30.4.07
CANÇÃO TONTA
Eu quero ser de prata.
Filho,
terás muito frio.
Mamã.
Eu quero ser de água.
Filho,
terás muito frio.
Mamã.
Borda-me em tua almofada.
Está bem!
Agora mesmo!
(Federico García Lorca, trad. de José Bento)
26.4.07
sim, filho, era um jogo bonito. assim como trazer-vos as prendas já pensadas para cada um e cada um pegar na que era para outro.
sim, pai, sobretudo quando percebíamos que já esperavas que as íamos baralhar todas, como com as palavras, e as tinhas escolhido a pensar nisso e ficava tudo como esperavas.
sim, filho, mas o jogo ficava ainda mais bonito quando as escolhas não eram as que esperava.
mas isso acontecia, pai?
ó menino, deixa-te disso. todos percebiam que sim.
ainda estás azedo, pai?
agora estás tu a jogar. que resposta esperas?
a verdadeira, como quando te respondíamos. brincávamos sempre a sério.
responde: ainda estás azedo?
filho, traz-me uvas de malvasia e os cheiros do monte de quando, logo pela manhã, íamos por campos e cabeços a saltar como cabritos até cairmos a rir. vós éreis o que éreis e nós parecíamos maluquinhos.
pai, ainda estás azedo?
traz-nos uvas de malvasia, filho.
25.4.07
21.4.07
O meu amigo já não se perturbava muito por ir para a cama sozinho, era o que me dizia.
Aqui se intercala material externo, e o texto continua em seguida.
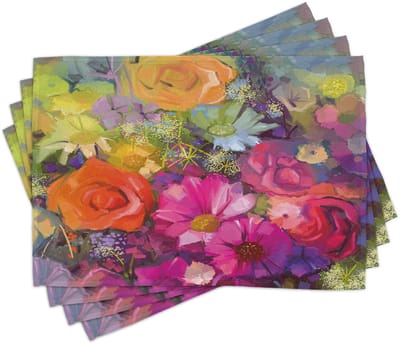 ABAKUHAUS Bloemen placemats, Levendig boeket met madeliefjes, pioenen en gerberas – romantisch arrangement, print, tafeldecoratie van kleurvaste stof voor eetkamer en keuken, veelkleurig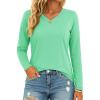 image:imageMAGCOMSEN Womens Long Sleeve Shirts V Neck Cotton Basic Tee Soft Breathable Casual Tops CassicFit TShirtMint Green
Por vezes, sentia a falta de um braço ou de uma perna a dizer “olha, estou aqui”, para poder responder “já tinha notado pelo bater do teu peito”. É que, dizia também, foram tantos os tempos em que adormeceram e acordaram pele com pele e fusão de sentidos…Sentia a falta, mas mantinha a tranquilidade.
Ficava era todo estragado, era assim que falava, quando se via sozinho à mesa, sem ninguém para se ouvirem os silêncios e os olhos se cruzarem: era também por eles que percebiam o que fazia falta um ao outro.
E muitos não entendiam, quando punha na mesa dois e, às vezes, cinco talheres; mas era assim que ficava menos perturbado.